Please reproduce the listing verbatim, without its images.

→ Input material
####
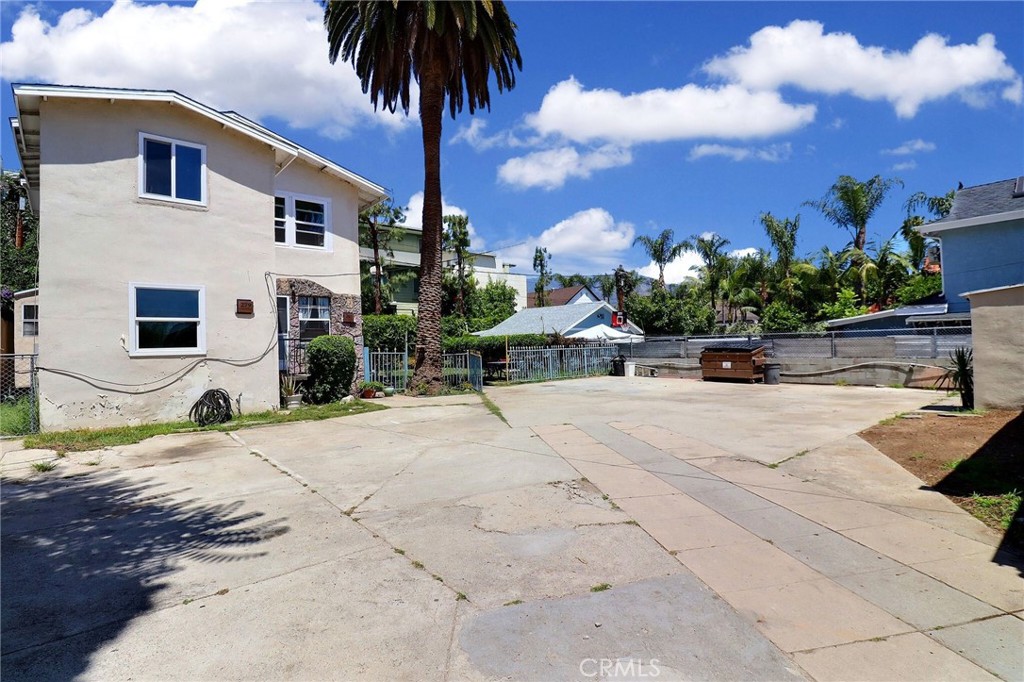 Property photo 30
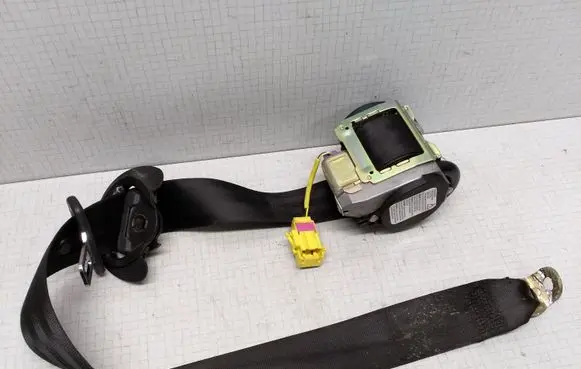Volkswagen Golf V Front seatbelt 1K4857706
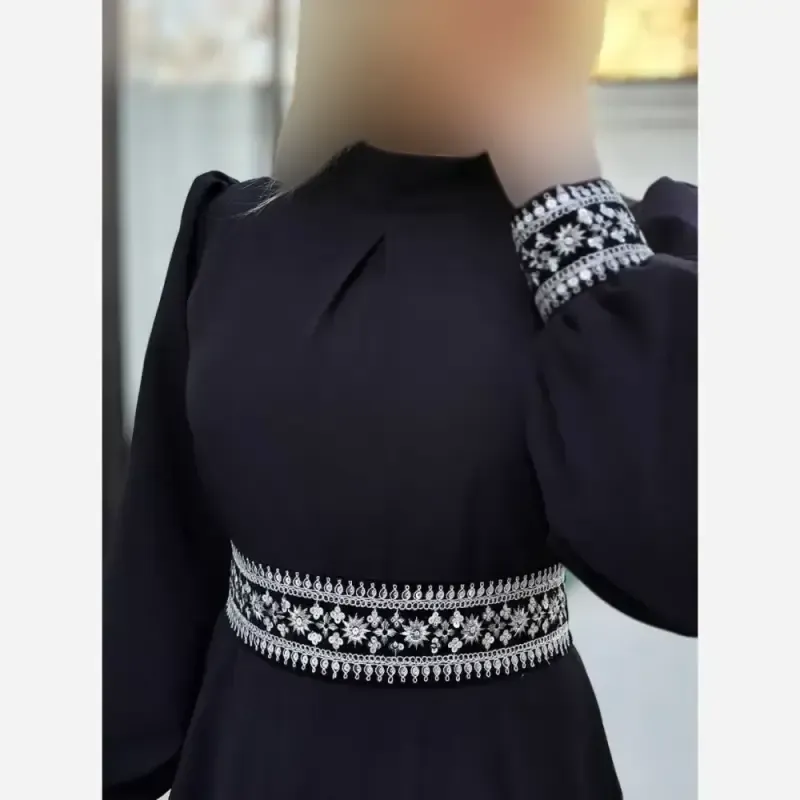 پیراهن مجلسی زنانه سایز بزرگ کرپ مازراتی مشکی با خرجکار هندی و کمربند - تصویر 2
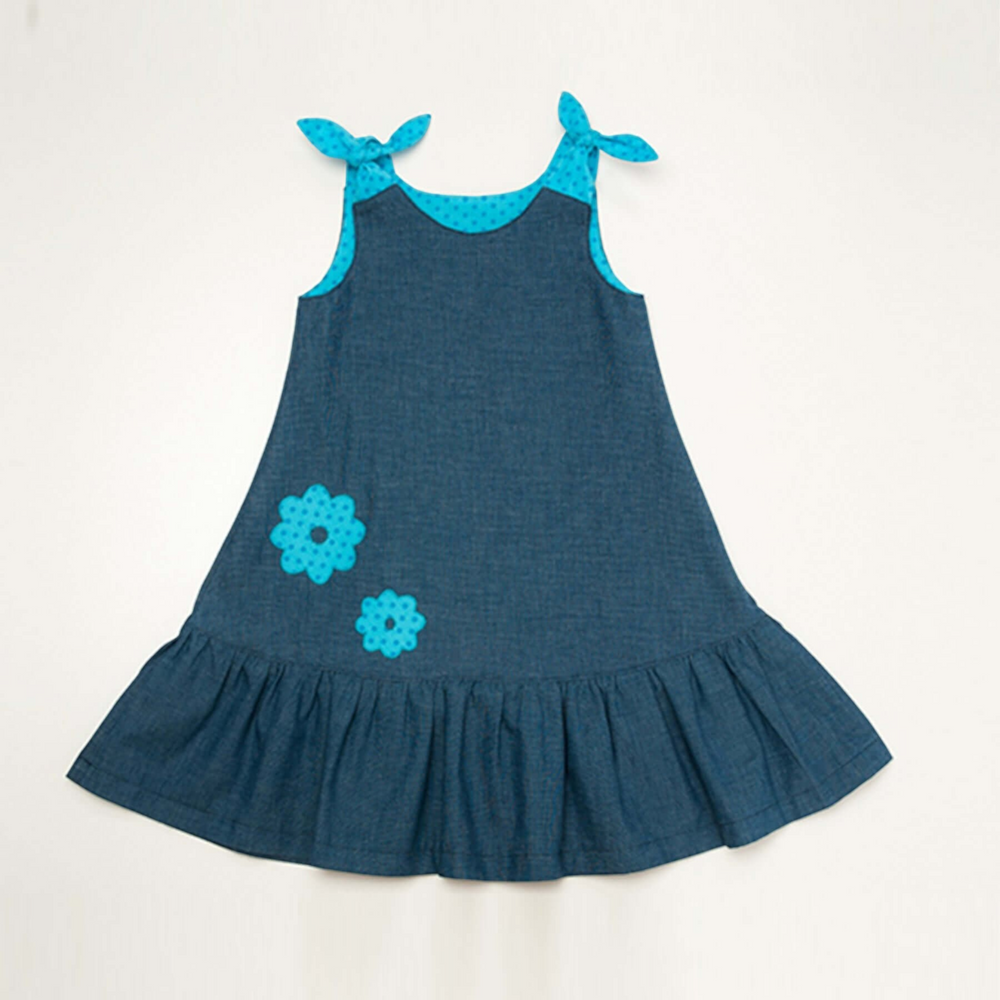 Patternforkids A-Linien Kleid Siena in Dunkelblau mit Saumrüsche, türkisen Schleifen und Blumenapplikationen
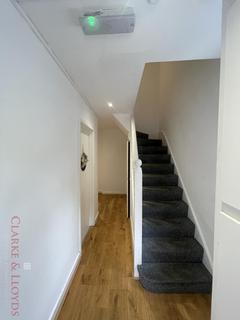 undefined, Orpington BR5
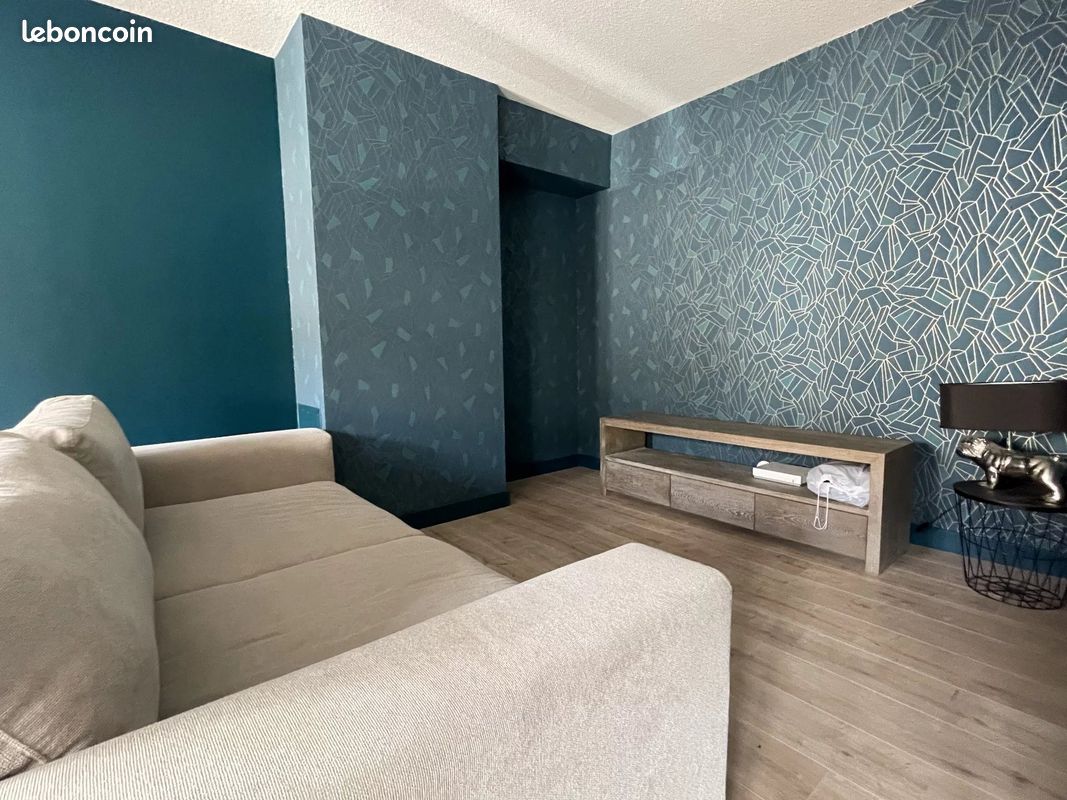 Appartement 4 pièces 95 m² · à Beaujeu · 95 m² · 650 €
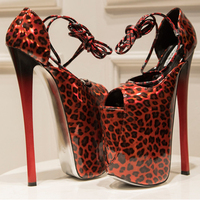 Sandales à talons hauts imprimé léopard, talons fins 22 cm, sexy, à découpe, bouche de poisson, avec anneaux de cheville, sandales surdimensionnées amusantes, sandales de lit alternatives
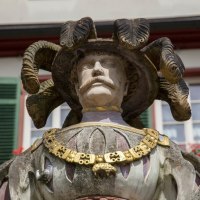 Eine Statue zeigt einen Mann mit einem Hut, aus dem Schlangen hervorkommen. Im Hintergrund sind gr&uuml;ne Fensterl&auml;den zu sehen., &copy; Stadtverwaltung Weil der Stadt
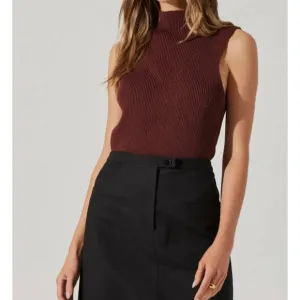 NEW ASTR zea sweater in mulberry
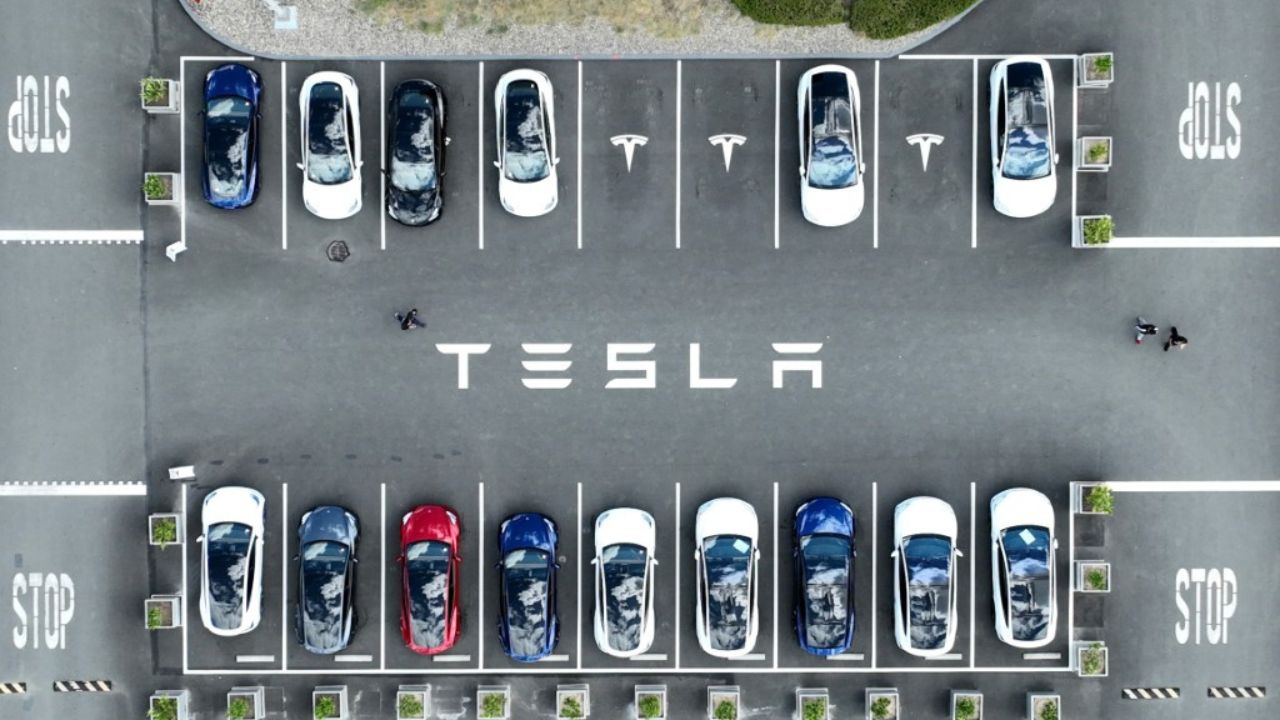 departamento-de-justicia-de-eua-investiga-las-funciones-de-autoconduccion-de-tesla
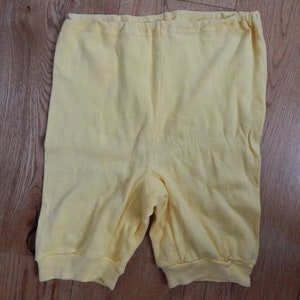 Vintage Underwear Ladies Unused Yellow Cotton Knickers Underpants Medium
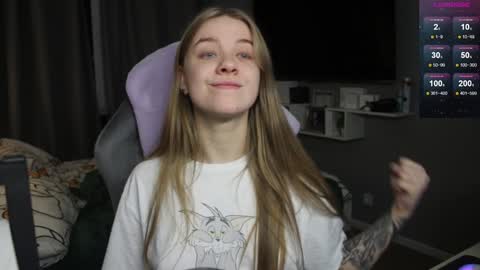 Snapshot of candy_meggie chatting on 12/12/24, 05:15 Megan online show from 12/12/24, 05:15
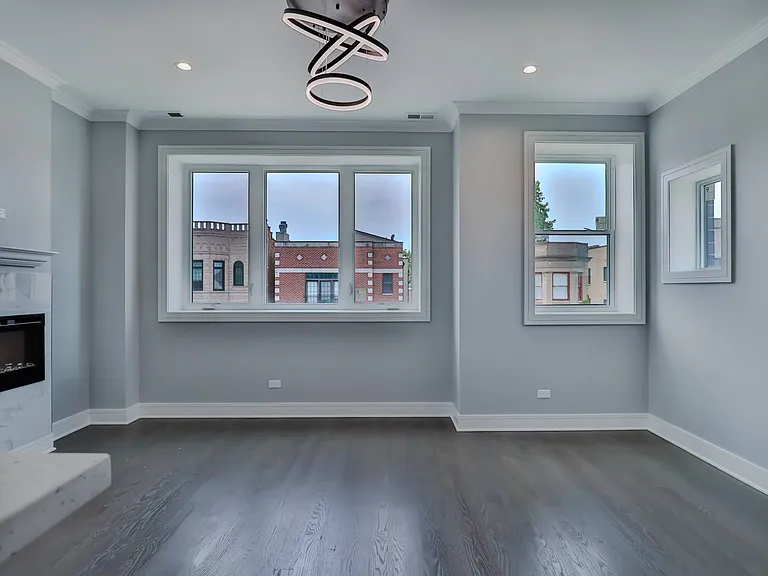 4827 S Saint Lawrence Ave #3 — Photo 4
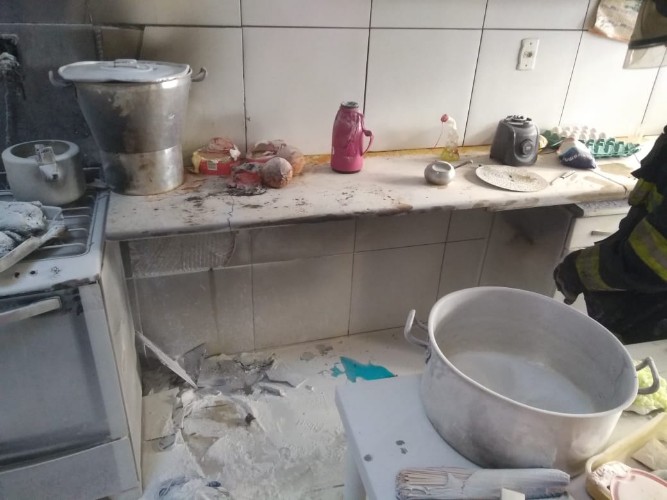 Funcionários conseguiram fazer o resfriamento e conter as chamas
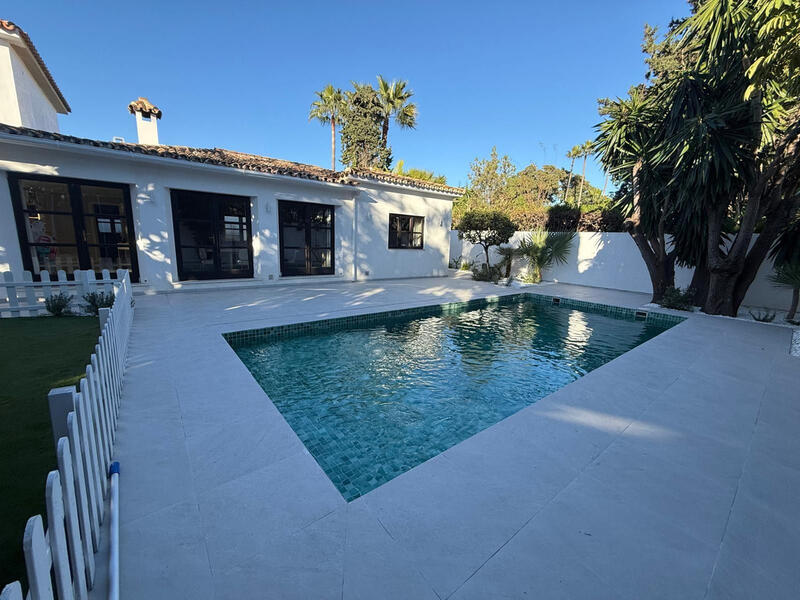 Villa für Kurzzeitmiete in El Paraiso, Málaga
####
→ Your solution
 Property photo 30
Volkswagen Golf V Front seatbelt 1K4857706
 پیراهن مجلسی زنانه سایز بزرگ کرپ مازراتی مشکی با خرجکار هندی و کمربند - تصویر 2
 Patternforkids A-Linien Kleid Siena in Dunkelblau mit Saumrüsche, türkisen Schleifen und Blumenapplikationen
 undefined, Orpington BR5
 Appartement 4 pièces 95 m² · à Beaujeu · 95 m² · 650 €
 Sandales à talons hauts imprimé léopard, talons fins 22 cm, sexy, à découpe, bouche de poisson, avec anneaux de cheville, sandales surdimensionnées amusantes, sandales de lit alternatives
 Eine Statue zeigt einen Mann mit einem Hut, aus dem Schlangen hervorkommen. Im Hintergrund sind gr&uuml;ne Fensterl&auml;den zu sehen., &copy; Stadtverwaltung Weil der Stadt
 NEW ASTR zea sweater in mulberry
 departamento-de-justicia-de-eua-investiga-las-funciones-de-autoconduccion-de-tesla
 Vintage Underwear Ladies Unused Yellow Cotton Knickers Underpants Medium
 Snapshot of candy_meggie chatting on 12/12/24, 05:15 Megan online show from 12/12/24, 05:15
 4827 S Saint Lawrence Ave #3 — Photo 4
 Funcionários conseguiram fazer o resfriamento e conter as chamas
 Villa für Kurzzeitmiete in El Paraiso, Málaga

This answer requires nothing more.